Mrs. Riis, Ribe, Denmark:

Your son is breakfasting with us. We send you our love and sympathy.

Theodore and Edith Roosevelt.

For, you see, the house with the holly in the hall was the White House, and my host was the President of the United States. I have to tell it to you, or you might easily fall into the same error I came near falling into. I had to pinch myself to make sure the President was not Santa Claus himself. I felt that he had in that moment given me the very greatest Christmas gift any man ever received: my little mother's life. For really what ailed her was that she was very old, and I know that when she got the President's dispatch she must have become immediately ten years younger and got right out of bed. Don't you know mothers are that way when any one makes much of their boys? I think Santa Claus must have brought them all in the beginning—the mothers, I mean.

I would just give anything to see what happened in that old town that is full of blessed memories to me, when the telegraph ticked off that message. I will warrant the town hurried out, burgomaster, bishop, beadle and all, to do honor to my gentle old mother. No Santa Claus, eh? What was that, then, that spanned two oceans with a breath of love and cheer, I should like to know. Tell me that!

After the coffee we sat together in the President's office for a little while while he signed commissions, each and every one of which was just Santa Claus's gift to a grown-up boy who had been good in the year that was going; and before we parted the President had lifted with so many strokes of his pen clouds of sorrow and want that weighed heavily on homes I knew of to which Santa Claus had had hard work finding his way that Christmas.

It seemed to me as I went out of the door, where the big policeman touched his hat and wished me a Merry Christmas, that the sun never shone so brightly in May as it did then. I quite expected to see the crocuses and the jonquils, that make the White House garden so pretty, out in full bloom.
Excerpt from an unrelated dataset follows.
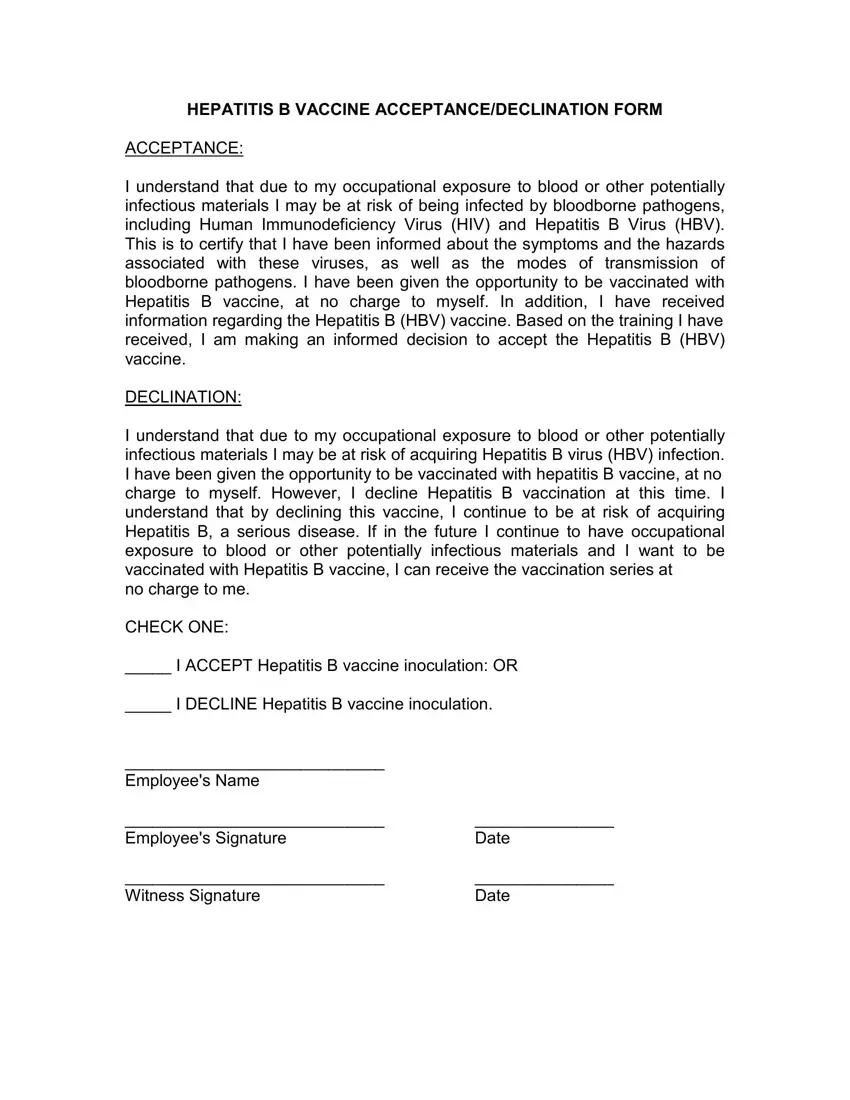 Hepatitis B Documentation Form first page preview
They were not, I suppose, only because they are official flowers and have a proper respect for the calendar that runs Congress and the Executive Departments, too.

I stopped on the way down the avenue at Uncle Sam's paymaster's to see what he thought of it. And there he was, busy as could be, making ready for the coming of Santa Claus. No need of my asking any questions here. Men stood in line with bank-notes in their hands asking for gold, new gold-pieces, they said, most every one. The paymaster, who had a sprig of Christmas green fixed in his desk just like any other man, laughed and shook his head and said "Santa Claus?" and the men in the line laughed too and nodded and went away with their gold.
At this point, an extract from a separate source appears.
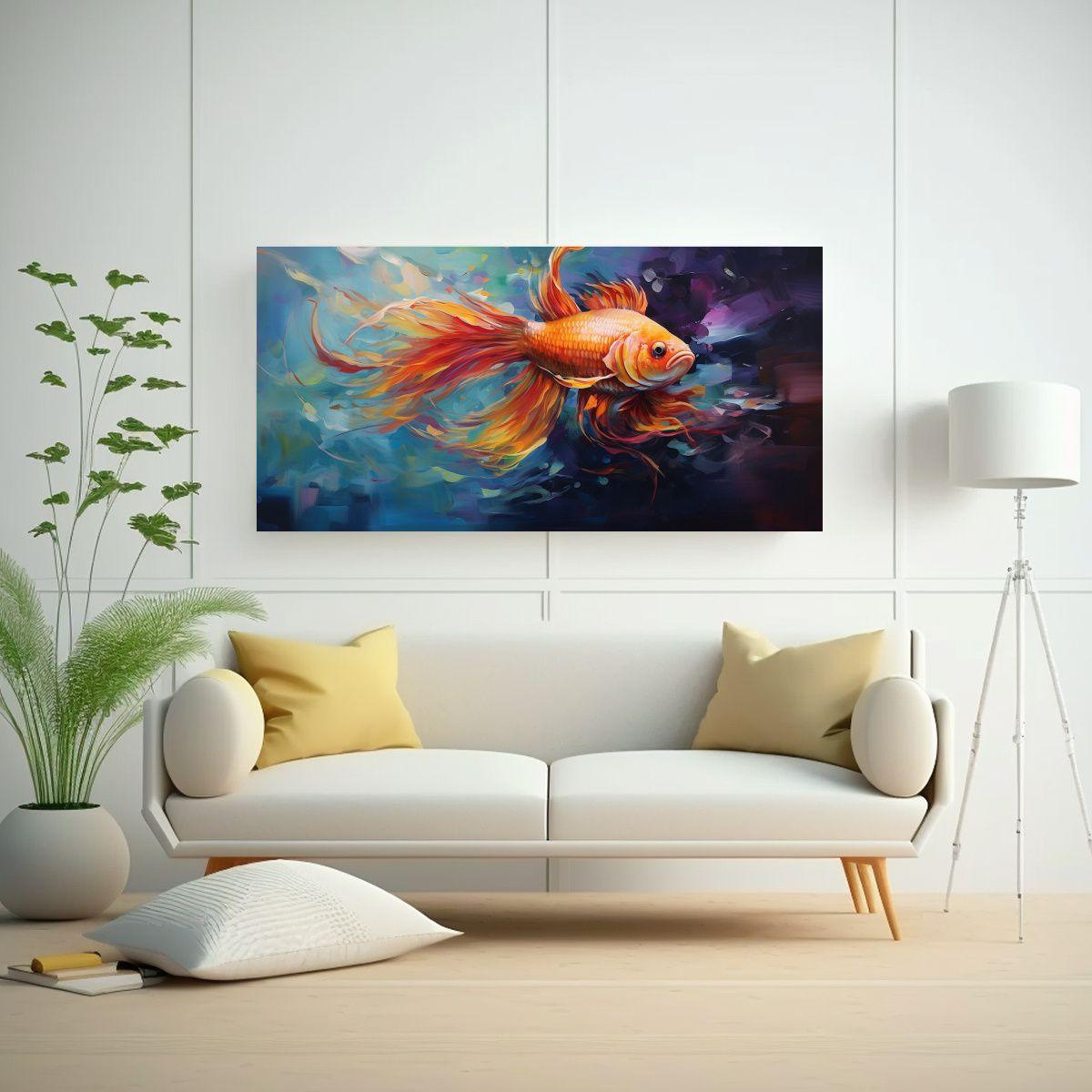 Pintura Al Estilo óleo De Acuario De Peces 140x70cm-2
One man who went out just ahead of me I saw stoop over a poor woman on the corner and thrust something into her hand, then walk hastily away. It was I who caught the light in the woman's eye and the blessing upon her poor wan lips, and the grass seemed greener in the Treasury dooryard, and the sky bluer than it had been before, even on that bright day. Perhaps—well, never mind! if any one says anything to you about principles and giving alms, you tell him that Santa Claus takes care of the principles at Christmas, and not to be afraid. As for him, if you want to know, just ask the old woman on the Treasury corner.
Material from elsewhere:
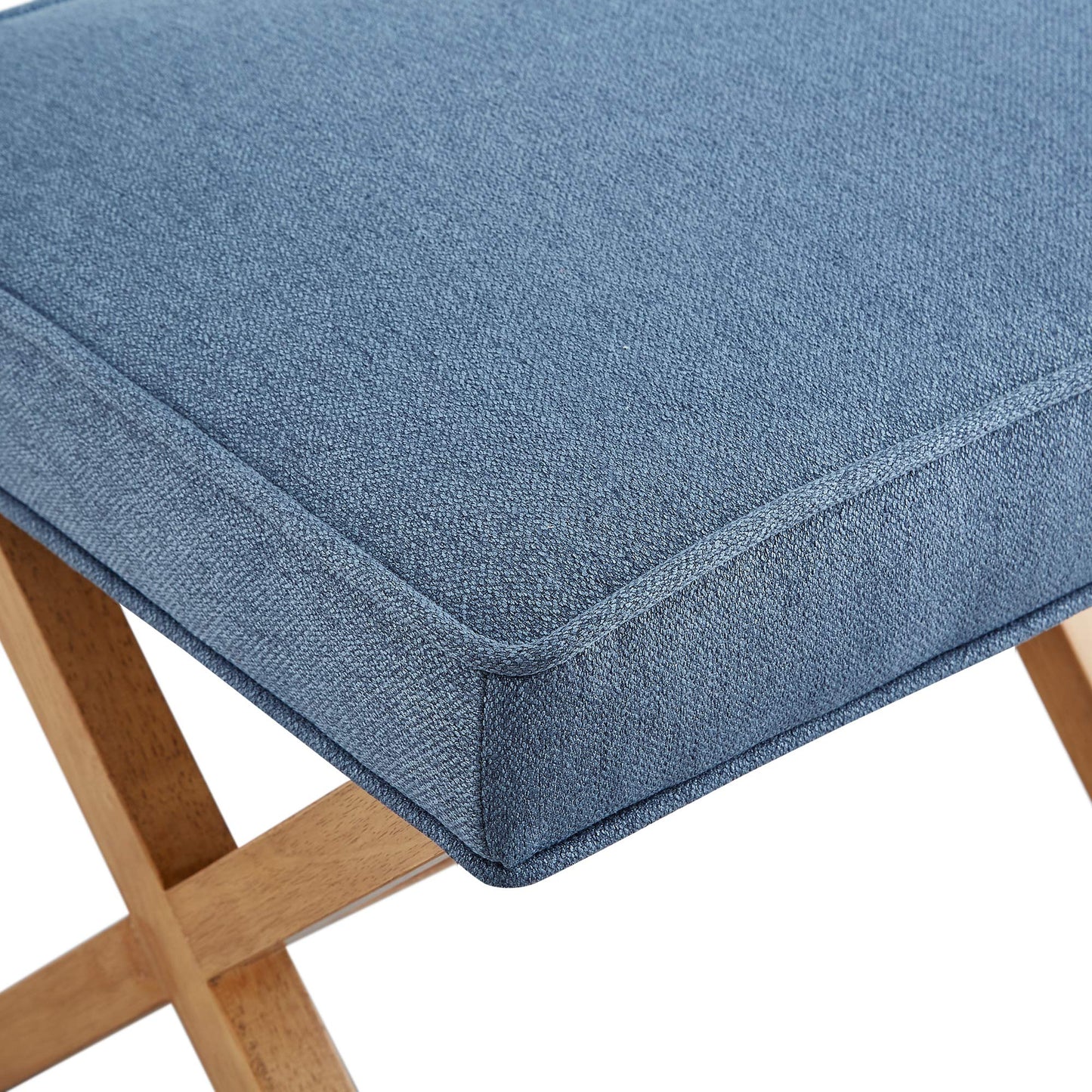 Amazon Brand – Rivet Mid-Century Modern X Stool Ottoman Chair, 20" W, Indigo - Amazon Vine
And so, walking down that Avenue of Good-will, I came to my train again and went home. And when I had time to think it all over I remembered the letters in my pocket which I had not opened. I took them out and read them, and among them were two sent to me in trust for Santa Claus himself which I had to lay away with the editor's message until I got the dew rubbed off my spectacles. One was from a great banker, and it contained a check for a thousand dollars to help buy a home for some poor children of the East Side tenements in New York, where the chimneys are so small and mean that scarce even a letter will go up through them, so that ever so many little ones over there never get on Santa Claus's books at all.